Transforming Arabidopsis by Agrobacterium floral dip

Transforming Arabidopsis is one of the easiest things to do. Easy transformation has certainly helped make Arabidopsis the premier model plant for scientific study. A printable protocol for Arabidopsis Transformation by Agrobacterium floral dip can be downloaded here. A cheap and efficient way to get your binary vector of choice into Agrobacterium is by the Agrobacterium freeze and thaw transformation method.


  • Other pages on on this website show how to select for transformants on sterile plates.
  • Healthy plants are really important for the transformation process to work.

Preparing and running slide gels

Preparing slide gels

Slide agarose gels can be run in 7 minutes and give great resolution of DNA samples. Multiple gels can be prepared at once and saved for up to a month. Slide gels use only 0.12 g of agarose per gel which reduces the cost of running gels. See the accompanying video “Running slide gels” below.

Gel recipe: 10 mL 1x TAE buffer, 0.12 g agarose –> boil by microwave until dissolved (about 45 sec on our microwave) —> add 0.5 µL 10 mg/mL ethidium bromide

Running slide gels

Slide agarose gels can be run in 7 minutes and give great resolution of DNA samples. Multiple gels can be prepared at once and saved for up to a month. Slide gels use only 0.12 g of agarose per gel which reduces the cost of running gels. See “Preparing slide gels” above for casting the gels.

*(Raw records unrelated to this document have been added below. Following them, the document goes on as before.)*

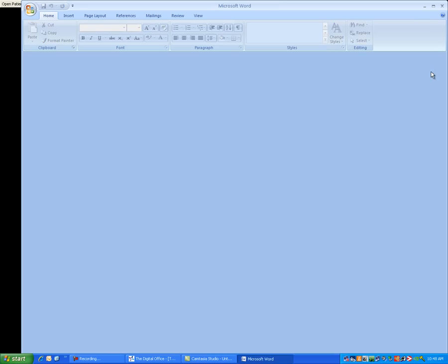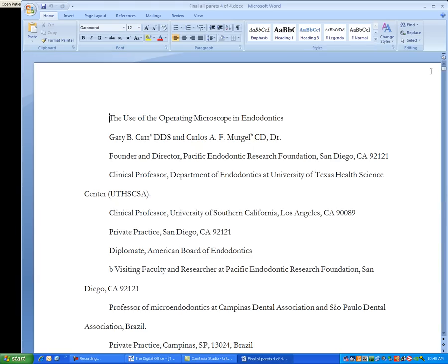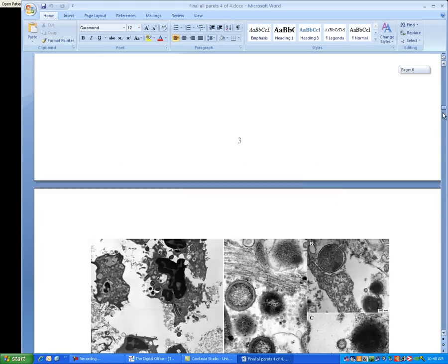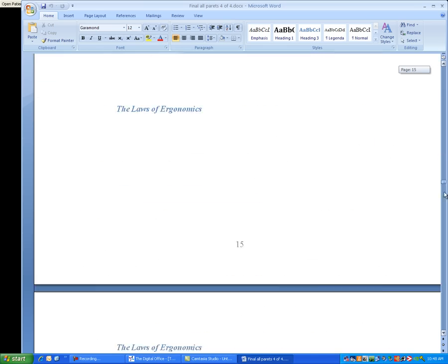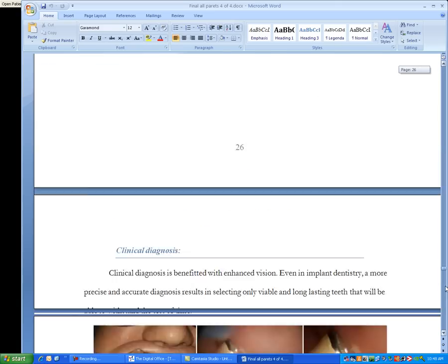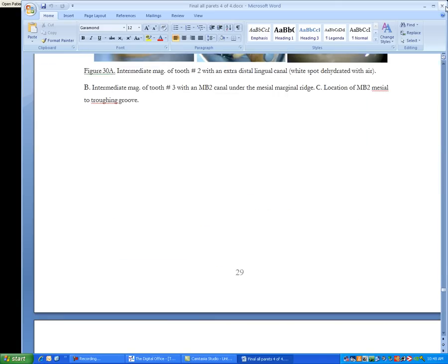Click my mouse to move to the next item. Now this is opening up a Microsoft Word document. This was a chapter written by Dr. Carr and Dr. Mergell. Close Microsoft Word.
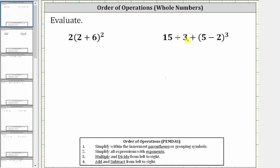To evaluate the expressions, we follow the order of operations. The first step is to simplify within the innermost parentheses or grouping symbols. The second step is to simplify all expressions with exponents. The third step is to multiply and divide from left to right. And the fourth step is to add and subtract from left to right.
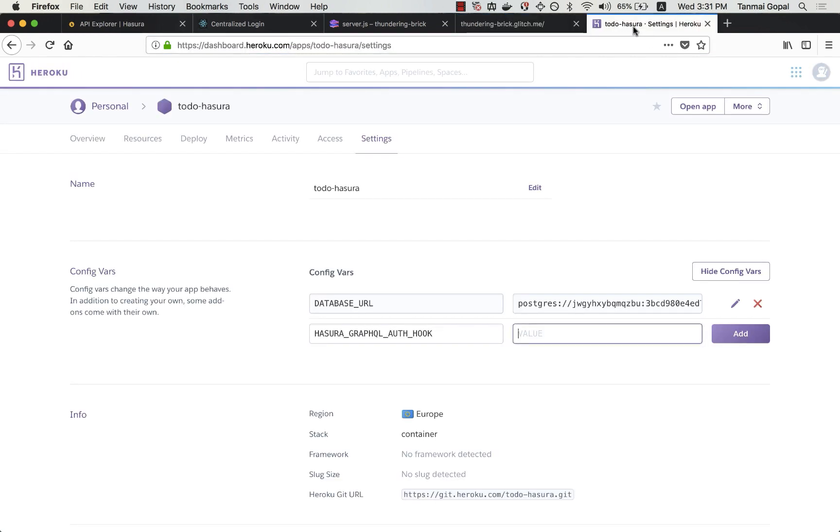Let's configure the Hasura GraphQL engine to use this webhook. So I'm going to open up the Heroku app where the GraphQL engine is running and set up the Hasura GraphQL auth hook environment variable.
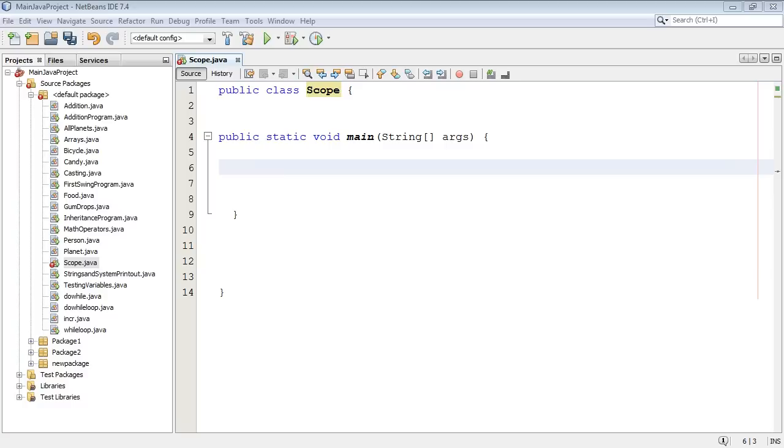And so all of the variables and objects that you create inside that method will only be available to that method. If you want them to be available to other methods, you have to define them outside of the method in the class itself.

Super cheap plasmid miniprep without columns

Short version (Recommended).
Long version with more tips and details but poor sound quality.

This video protocol shows you how to perform an alkaline lysis plasmid miniprep. The DNA purification industry would like you to believe that their kits are necessary to obtain plasmid DNA suitable for routine applications. This is simply not true. In fact, isolating large quantities of high purity plasmid DNA is really easy.  Plasmid miniprep procedures commonly use columns that give low yield and are relatively expensive. This modified version of the traditional alkaline lysis miniprep produces large yields of high quality DNA and costs less than $0.05 per prep (including cost of tubes). Download a printable plasmid miniprep protocol here. The protocol described here (and shown in the video) has a few modification from the classical miniprep protocol found in books such as “Molecular Cloning” that increase the purity of the plasmid DNA.

Advantages of this miniprep method

  1. Large yield
  2. High purity
  3. Fast
  4. Cheap, 20 times less than most commercial kits.


  • The hole in the cap of the tube can be taped shut after cultures have finished growing, when using 2 mL microcentrifuge tubes to grow cultures. Pelleted E. coli can be frozen at -20 degrees C after the supernatant is discarded and processed later.
  • It is important not to transfer and white precipitate to the new tube at step 8 in the protocol. However, you will have a second chance to get rid of the white precipitate later. When resuspending the ethanol pellet in Tris buffer (step 13) you may have some white precipitate that does not resuspend. This material is not DNA.  Therefore, you can spin the insoluble material to the bottom of the tube and transfer the clear liquid to a new tube.